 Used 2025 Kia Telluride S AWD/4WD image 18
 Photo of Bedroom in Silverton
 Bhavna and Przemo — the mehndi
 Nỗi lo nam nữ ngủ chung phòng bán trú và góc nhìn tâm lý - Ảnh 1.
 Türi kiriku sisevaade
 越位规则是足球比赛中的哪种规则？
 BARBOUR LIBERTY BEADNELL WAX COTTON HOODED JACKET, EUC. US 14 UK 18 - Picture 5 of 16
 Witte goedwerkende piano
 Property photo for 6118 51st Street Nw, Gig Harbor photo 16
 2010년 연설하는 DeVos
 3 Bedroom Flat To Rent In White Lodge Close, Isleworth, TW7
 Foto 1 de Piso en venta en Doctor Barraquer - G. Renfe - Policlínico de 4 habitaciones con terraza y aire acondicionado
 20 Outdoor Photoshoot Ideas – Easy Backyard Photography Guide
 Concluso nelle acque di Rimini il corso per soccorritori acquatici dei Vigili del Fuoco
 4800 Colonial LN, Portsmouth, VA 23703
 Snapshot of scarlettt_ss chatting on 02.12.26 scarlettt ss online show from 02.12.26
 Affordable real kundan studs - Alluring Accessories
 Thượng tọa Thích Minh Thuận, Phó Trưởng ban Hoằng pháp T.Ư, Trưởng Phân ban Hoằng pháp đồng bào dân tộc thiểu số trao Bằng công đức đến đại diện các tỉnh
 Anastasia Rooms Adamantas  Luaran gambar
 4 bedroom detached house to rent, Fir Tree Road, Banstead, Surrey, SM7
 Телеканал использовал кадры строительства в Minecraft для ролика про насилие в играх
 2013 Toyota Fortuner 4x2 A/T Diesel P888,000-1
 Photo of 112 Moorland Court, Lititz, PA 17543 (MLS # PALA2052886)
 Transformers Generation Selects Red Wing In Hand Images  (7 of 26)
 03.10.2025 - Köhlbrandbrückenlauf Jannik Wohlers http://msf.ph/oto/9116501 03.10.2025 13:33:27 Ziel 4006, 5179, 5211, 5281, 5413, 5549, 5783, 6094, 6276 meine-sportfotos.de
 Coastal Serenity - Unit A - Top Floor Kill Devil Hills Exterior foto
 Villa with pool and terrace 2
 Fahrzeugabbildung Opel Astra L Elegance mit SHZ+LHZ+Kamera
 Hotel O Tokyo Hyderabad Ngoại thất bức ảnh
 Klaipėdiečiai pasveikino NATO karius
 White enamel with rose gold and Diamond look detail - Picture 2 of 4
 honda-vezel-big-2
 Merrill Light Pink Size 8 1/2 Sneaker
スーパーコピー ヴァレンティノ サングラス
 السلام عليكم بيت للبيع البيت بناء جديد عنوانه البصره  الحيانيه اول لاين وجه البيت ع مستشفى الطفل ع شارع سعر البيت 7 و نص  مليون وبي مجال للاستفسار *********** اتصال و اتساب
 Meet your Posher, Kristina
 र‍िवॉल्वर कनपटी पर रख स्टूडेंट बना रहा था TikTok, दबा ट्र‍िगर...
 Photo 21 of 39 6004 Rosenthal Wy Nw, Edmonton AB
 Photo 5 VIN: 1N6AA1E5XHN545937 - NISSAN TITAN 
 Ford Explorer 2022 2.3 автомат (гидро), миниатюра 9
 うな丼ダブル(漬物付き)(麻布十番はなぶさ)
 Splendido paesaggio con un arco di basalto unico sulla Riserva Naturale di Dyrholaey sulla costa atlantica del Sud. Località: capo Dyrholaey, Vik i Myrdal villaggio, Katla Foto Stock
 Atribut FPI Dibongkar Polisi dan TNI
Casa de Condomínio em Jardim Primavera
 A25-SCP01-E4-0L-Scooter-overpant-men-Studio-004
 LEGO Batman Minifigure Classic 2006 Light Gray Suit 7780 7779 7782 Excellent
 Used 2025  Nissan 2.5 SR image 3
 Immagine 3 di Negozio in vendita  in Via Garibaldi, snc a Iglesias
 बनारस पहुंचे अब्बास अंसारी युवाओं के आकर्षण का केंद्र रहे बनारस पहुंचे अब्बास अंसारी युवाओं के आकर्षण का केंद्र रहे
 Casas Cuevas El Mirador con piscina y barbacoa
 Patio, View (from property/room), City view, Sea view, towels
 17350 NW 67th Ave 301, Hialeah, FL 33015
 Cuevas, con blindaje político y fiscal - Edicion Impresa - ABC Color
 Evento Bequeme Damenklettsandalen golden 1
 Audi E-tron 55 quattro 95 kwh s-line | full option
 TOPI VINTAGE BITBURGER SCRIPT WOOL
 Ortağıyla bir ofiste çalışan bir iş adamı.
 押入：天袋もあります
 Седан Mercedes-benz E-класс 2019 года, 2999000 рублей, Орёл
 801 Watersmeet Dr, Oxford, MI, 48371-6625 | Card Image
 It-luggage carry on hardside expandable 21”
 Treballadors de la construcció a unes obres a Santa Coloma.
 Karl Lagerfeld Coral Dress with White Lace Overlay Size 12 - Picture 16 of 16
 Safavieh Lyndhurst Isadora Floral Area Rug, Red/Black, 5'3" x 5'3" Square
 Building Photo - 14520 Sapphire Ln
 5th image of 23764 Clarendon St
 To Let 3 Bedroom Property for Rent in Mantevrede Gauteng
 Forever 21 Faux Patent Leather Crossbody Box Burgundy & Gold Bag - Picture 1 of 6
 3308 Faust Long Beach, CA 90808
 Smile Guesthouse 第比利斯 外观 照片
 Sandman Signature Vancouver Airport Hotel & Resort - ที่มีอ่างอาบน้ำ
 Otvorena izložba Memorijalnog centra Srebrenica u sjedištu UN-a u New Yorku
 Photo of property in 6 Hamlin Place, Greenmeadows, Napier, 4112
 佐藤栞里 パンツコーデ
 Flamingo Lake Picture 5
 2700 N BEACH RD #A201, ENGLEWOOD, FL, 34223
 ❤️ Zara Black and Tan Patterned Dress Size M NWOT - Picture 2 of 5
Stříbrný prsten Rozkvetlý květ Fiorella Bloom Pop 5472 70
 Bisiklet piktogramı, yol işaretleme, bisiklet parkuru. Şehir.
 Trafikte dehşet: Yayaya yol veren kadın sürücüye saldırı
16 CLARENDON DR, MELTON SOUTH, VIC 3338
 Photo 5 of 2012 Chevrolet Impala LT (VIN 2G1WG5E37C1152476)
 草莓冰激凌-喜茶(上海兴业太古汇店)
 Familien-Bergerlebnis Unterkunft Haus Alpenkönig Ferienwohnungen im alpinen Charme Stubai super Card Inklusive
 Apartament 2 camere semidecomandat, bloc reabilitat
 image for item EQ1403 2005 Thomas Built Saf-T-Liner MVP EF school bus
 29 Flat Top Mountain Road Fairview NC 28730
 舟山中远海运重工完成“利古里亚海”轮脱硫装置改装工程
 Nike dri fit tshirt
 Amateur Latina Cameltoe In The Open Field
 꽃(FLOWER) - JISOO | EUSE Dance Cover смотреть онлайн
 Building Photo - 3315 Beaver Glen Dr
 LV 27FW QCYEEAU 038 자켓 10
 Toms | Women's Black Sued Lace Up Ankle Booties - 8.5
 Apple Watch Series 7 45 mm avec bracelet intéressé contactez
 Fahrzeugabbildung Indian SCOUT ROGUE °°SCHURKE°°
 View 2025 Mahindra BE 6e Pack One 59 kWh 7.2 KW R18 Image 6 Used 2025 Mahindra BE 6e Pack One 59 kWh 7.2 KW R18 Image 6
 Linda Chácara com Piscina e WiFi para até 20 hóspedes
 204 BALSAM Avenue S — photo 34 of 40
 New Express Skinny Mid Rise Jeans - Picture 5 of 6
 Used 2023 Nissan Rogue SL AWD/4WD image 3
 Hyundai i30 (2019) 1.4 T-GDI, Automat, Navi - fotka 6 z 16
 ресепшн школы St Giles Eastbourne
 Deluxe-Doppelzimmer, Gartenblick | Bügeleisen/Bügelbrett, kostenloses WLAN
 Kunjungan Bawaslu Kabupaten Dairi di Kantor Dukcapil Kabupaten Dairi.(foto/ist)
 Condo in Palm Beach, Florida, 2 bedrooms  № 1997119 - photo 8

# [Work required]
For each line above that contains the word "Card", give the line as it is written.

# [Answer space]
 801 Watersmeet Dr, Oxford, MI, 48371-6625 | Card Image
 Familien-Bergerlebnis Unterkunft Haus Alpenkönig Ferienwohnungen im alpinen Charme Stubai super Card Inklusive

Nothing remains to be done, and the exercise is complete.